Where is Alphago's weakness?

    1. attack its strategy network and increase search space . After entering the mid-live, if professional players can establish a more complex situation, each move is implicated in a lot of local chess fate (to avoid single-block, local combat), then the Alphago need to search space is sharply increased, a short period of time to get the precision of the solution will be greatly discounted. In layman's terms, the complexity of the changes, people are not clear, the current computer computing power is no way. This is what the fourth inning of the Li Shishi nine paragraphs means. Around here a total of 5 pieces of black and white chess are interrelated to each other, white 1, black chess need to consider a lot of places. Many places require a deeper search on the MCTs. In order to have the result in a certain time, can only abandon the search precision.

      Figure 3, Li Shishi to Alphago fourth chess game

    2. attack its value network, the Alphago: The value of the network greatly improved before relying solely on MCTs to do the situation to judge the accuracy, but the right to judge the situation of the go there is no small gap. Neural networks do not completely avoid some weird (even wrong) judgments at some point, not to mention that their training samples are far from enough. This is why it is still necessary to rely on the rapid moves to judge the situation when there is a value network. Everyone has suspected Alphago's ability to rob, but also feel the Alphago to avoid the signs of robbery. In fact, Professor Zhou Zhihua of Nanjing University once wrote that robbery would cause the value network to collapse, and the principle would not be repeated. not to say that Alphago will not rob, but fear in the early days of the game of multiple robbery coexist . That is, the robbery to take early, too late search space becomes smaller, even if the value of network failure, but also by fast moves network to compensate. Robbery should be in just into the mid-season as good (too early to rob the money is not enough), and to maintain a long time, the best in the disk can be at the same time more than two robbery . Without the value of the network of Alphago in fact, the level of occupation is about 3-5.

Conclusion

    • Alphago has reached the level of top players, but can not say that completely defeated the human race!

    • Alphago embodies the progress of human intelligence, but it has no thinking and wisdom in itself!

    • Data + Computing Resources + computing methods together promote the progress of AI in the GO Project!

Long press the following two-dimensional code to follow KDD China

Read the original

Sweep
Follow the public number

(turn) a graphic alphago principle and weakness

Contact Us

The content source of this page is from Internet, which doesn't represent Alibaba Cloud's opinion; products and services mentioned on that page don't have any relationship with Alibaba Cloud. If the content of the page makes you feel confusing, please write us an email, we will handle the problem within 5 days after receiving your email.

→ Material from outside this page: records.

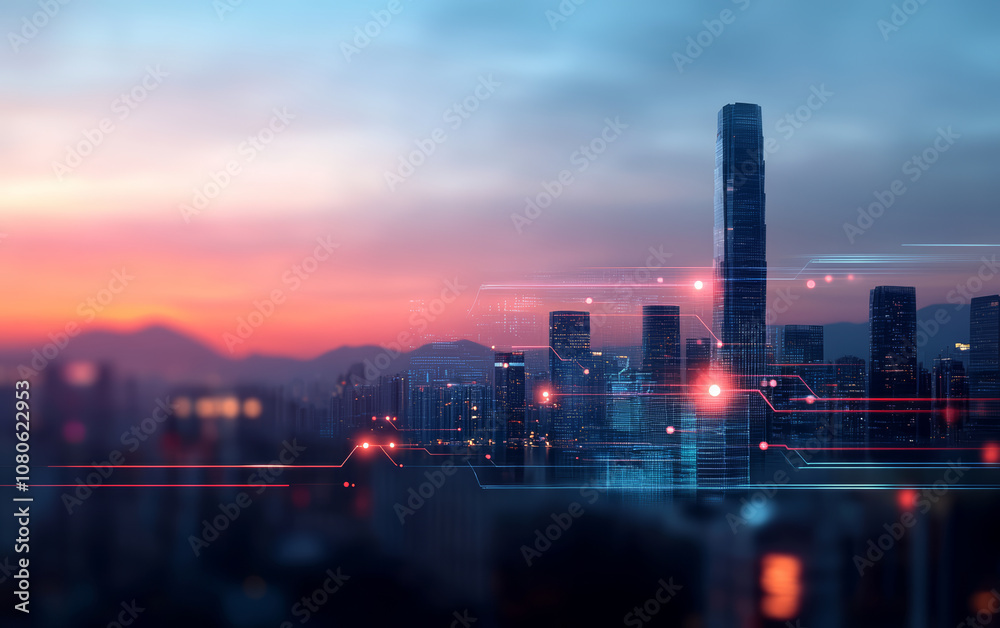 Fototapeta premium Modern urban architecture and Ai artificial intelligence technology theme background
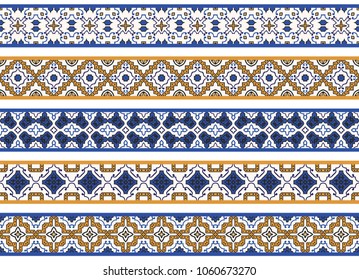 Set of five illustrated decorative borders made of abstract elements in white, yellow, blue and black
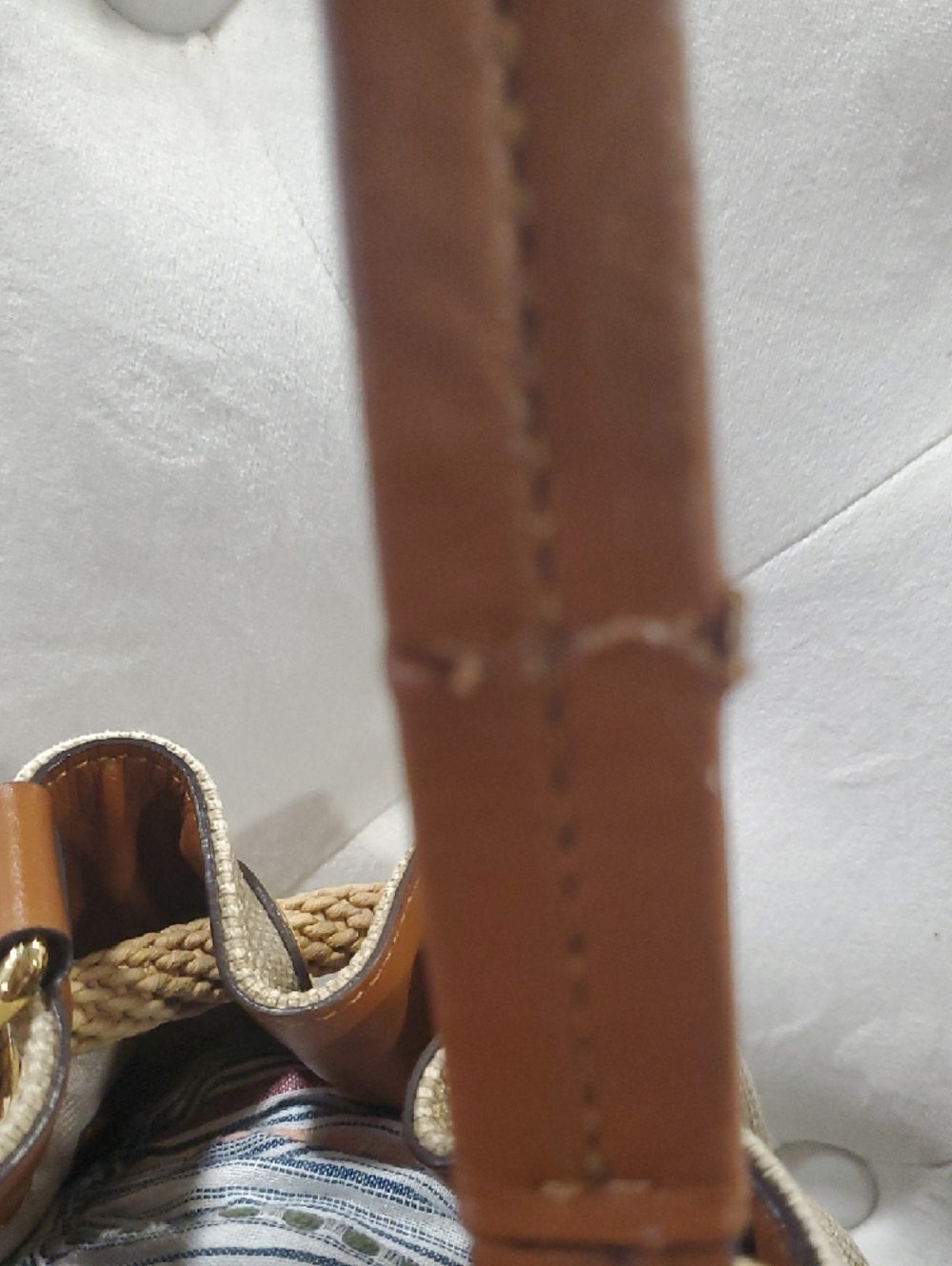 Michael Kors Tan Canvas Drawstring Shoulder Bag with Brown Leather Trim - Picture 8 of 17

If you find any instances of plagiarism from the community, please send an email to: info-contact@alibabacloud.com and provide relevant evidence. A staff member will contact you within 5 working days.

A Free Trial That Lets You Build Big!

Start building with 50+ products and up to 12 months usage for Elastic Compute Service

  • Sales Support

    1 on 1 presale consultation

  • After-Sales Support

    24/7 Technical Support 6 Free Tickets per Quarter Faster Response

  • Alibaba Cloud offers highly flexible support services tailored to meet your exact needs.